Non-Security Requirements

Universality

Except for visually impaired, graphical passwords would work for everyone. Mobile phones are also universally available and users are trained to read SMS. This ensures universality of the solution.

Usability

Graphics are expected to be easier to remember as compared to random numbers or text-based passwords. Mobile users also know how to read SMS. This makes the solution more user-friendly for users.

Cost-effectiveness

Since the authentication mechanism involves a graphical password and a token (mobile phone) which is ubiquitously available with users, there is no extra cost to be borne by either the social networking sites or its users.

Conclusion

The dissertation identified four objectives at the beginning. The first objective was to identify the vulnerable entities of existing authentication schemes. This was achieved in chapter 3 where vulnerability analysis was carried and threat profiles for social networking systems were developed. These threats were also rated to get an understanding of how risky they were. Based on the analysis and threat modelling, it became possible to derive security and non-security requirements of the social networking web sites.
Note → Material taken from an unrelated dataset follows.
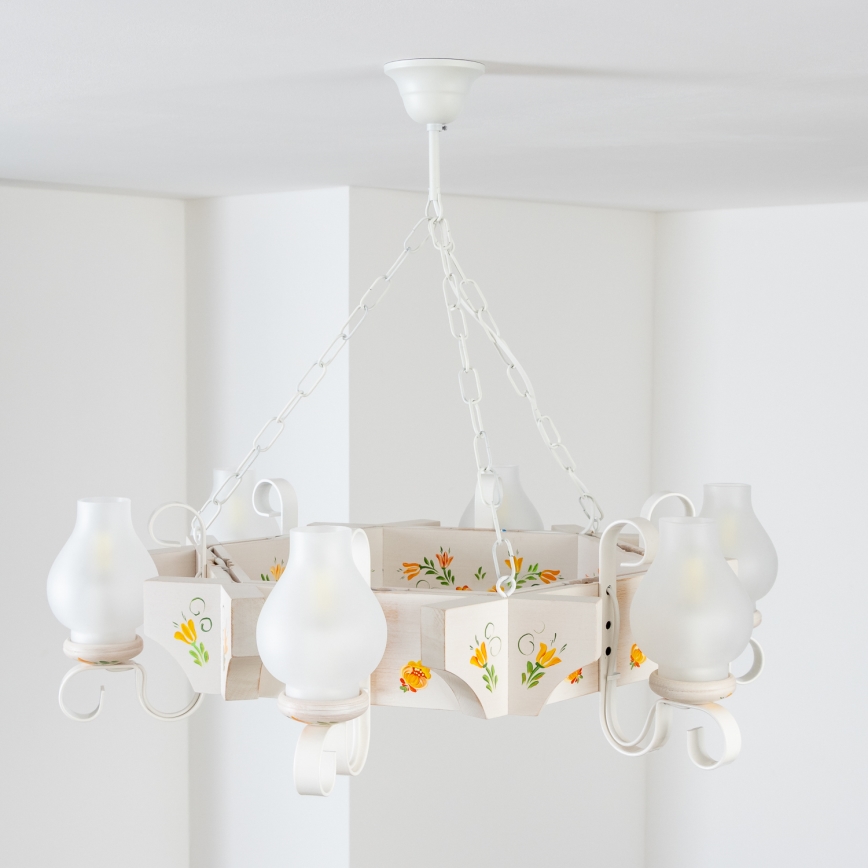 Brilagi - Lustre à chaîne QUEEN 6xE14/40W/230V hêtre/crème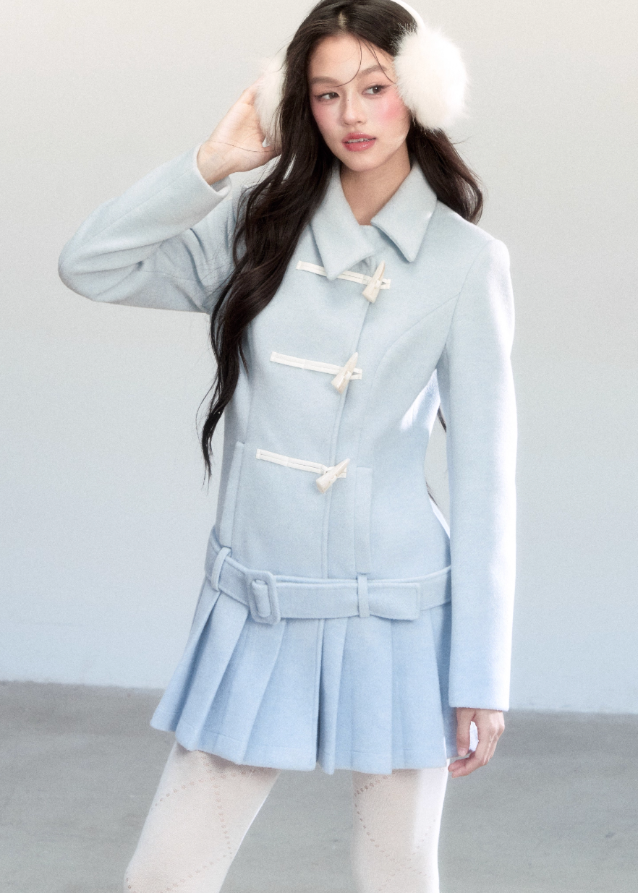 Fragileheart wool coat set, pleated skirt outfit, luxury Korean fashion, horn buckle jacket, fog blue winter coat, ivory tweed ensemble, quiet luxury womenswear, pastel noir aesthetic, elegant two-piece outerwear, K-fashion 2025, structured feminine style, sophisticated winter outfit, belted coat dress, modern romantic fashion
The second objective of the dissertation was to derive or identify the security requirements necessary to implement on a social networking website. This was discussed in detail in chapter 4. Confidentiality, Integrity, Mutual authentication, Enhanced authentication, Maintain audit trail (logs), Non-repudiation, Session Integrity, Prevent session intrusion, Transaction authorization and Protection against password misuse were the security requirements of social networking systems while the non-security requirements included Universality, Usability, and Cost-effectiveness.

The third objective was to assess the strengths and weaknesses of existing authentication schemes. In this case, the top five social networking sites viz. Facebook, MySpace, Twitter, LinkedIn and classmates were studied. The results were presented in chapter 4. All these sites relied on email address for verification of an individual and did not have very strong authentication mechanism to protect against impersonation, phishing, social engineering, spoofing and other attacks. The need for a solution that provided better authentication mechanism while meeting the non-security requirements was evident.

The last objective was to propose and implement solution that ensures secure social networking websites. This was achieved by proposing a two-factor authentication method based on graphical password and authentication code through mobile SMS. This method was implemented using Visual Studio C#.NET 2005 and Microsoft SQL Server, tested and assessed against the requirements derived in chapter 4. The authentication mechanism was able to satisfy all of them except for server authentication and confidentiality.

Based on the analysis and the proposed solution, it is recommended that social networking sites consider two-factor authentication methods utilizing graphical passwords and a token (mobile phone) that is universal in nature.

References

Weaver, A. C., & Morrison, B. B. (2008) “Social Networking”, IEEE Computer, 97-100.

Aïmeur, E., Gambs, S. & Ho, A. (2006) “UPP: User Privacy Policy for Social Networking Sites”. 2009 Fourth International Conference on Internet and Web Applications and Services.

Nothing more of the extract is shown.